There have always been things that make more sense for individuals than for radio. Four times a year, I find a new song that I want to play over-and-over again. For radio, that’s a stunt that works every few years at the most. In the ‘70s, stations tried to replicate the “entire album side” experience on the radio. That wasn’t what listeners wanted from them. And no matter how much listeners binge a hot artist at home, I feel reasonably sure that three Justin Bieber songs an hour still feels repetitious on the radio.

Eating cold pizza in the morning is a long-running pop-culture trope. But if you care enough to throw on some clothes and go out to breakfast, you are probably not in search of cold pizza. You are looking for better food and the company of others.

I’m not the first person to make the connection between the travails of radio and those of retail. The parallels are most noticeable at Christmas. Radio has a once-a-year pop-up store that’s more compelling than any of its anchor tenants. The customer traffic might not be as much as it has been in the past, but it will be more than October or February. The experience we provide for people now will matter.
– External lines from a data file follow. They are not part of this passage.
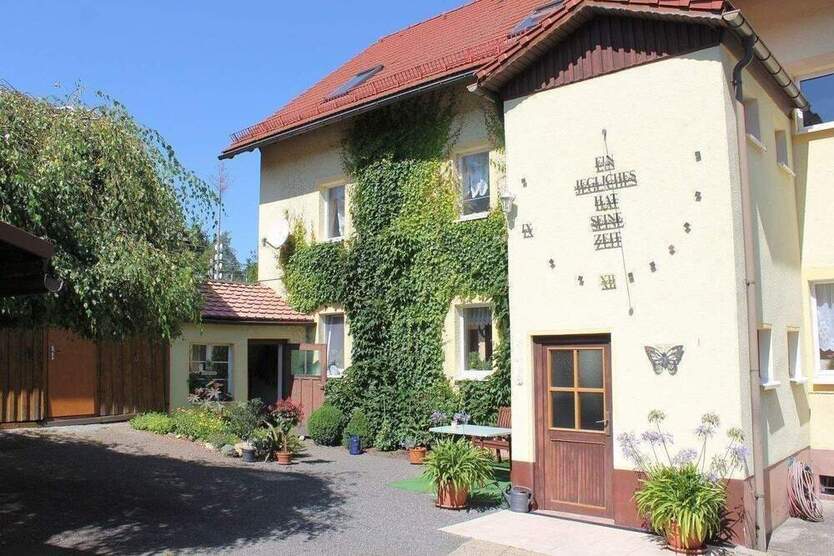 Großes EFH (oder Mehrfamilienhaus) in einem Ortsteil von Dipps!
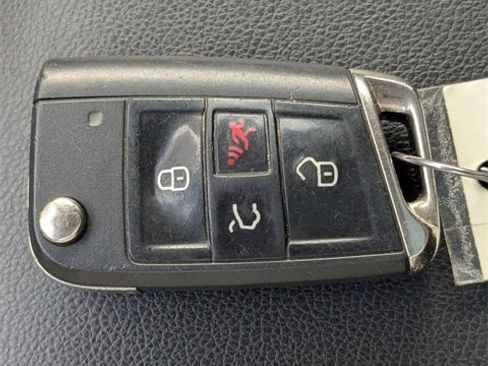 Used 2019 Volkswagen Tiguan SE image 32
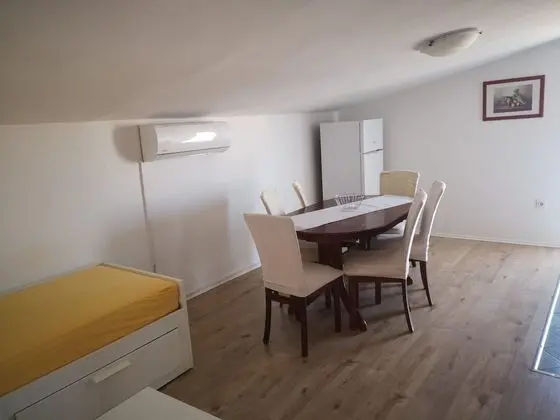 Family Apart Daire, 2 Yatak Odası, Balkon, Bahçe Manzaralı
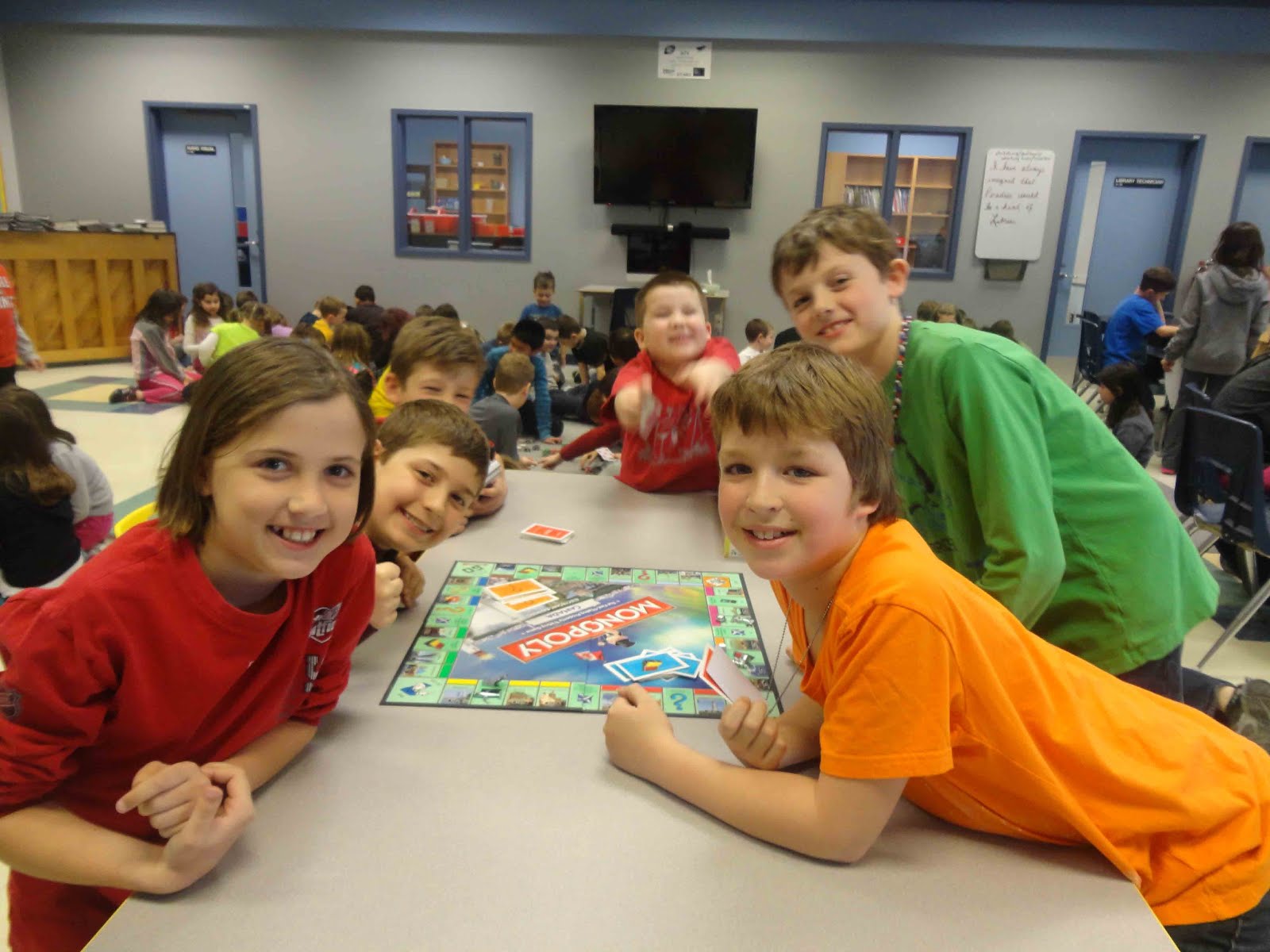Tại các nước phát triển, Boardgame còn được đưa vào trường lớp và được xem như một môn sinh hoạt ngoại khóa.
One thing that Christmas radio stations need to consider is advertising radio as a whole. The “here’s what we’ll be playing again on Dec. 26” promos shouldn’t just be for your own station. Perhaps they should include cross-plugs for the other stations in the cluster. Perhaps they should include not just the local TV news people but other jocks from inside your cluster. Maybe Dec. 26 needs to be a big day on your radio station with more than just those promos as incentive to stick around. Maybe Jan. 3, 2022—the first day “back at work” needs to be a big day as well.

Radio stations have, over the course of the last year, acknowledged there needs to be more happening on the radio. Some stations have dramatically changed the tenor of their imaging. Others have added full-service personality outside mornings. For those few stations that have managed to excel in off-the-air content, there are further retail parallels in those shopping centers that have flourished through mixed-use. In 2022, there should be a consistent feeling that something is happening at radio again.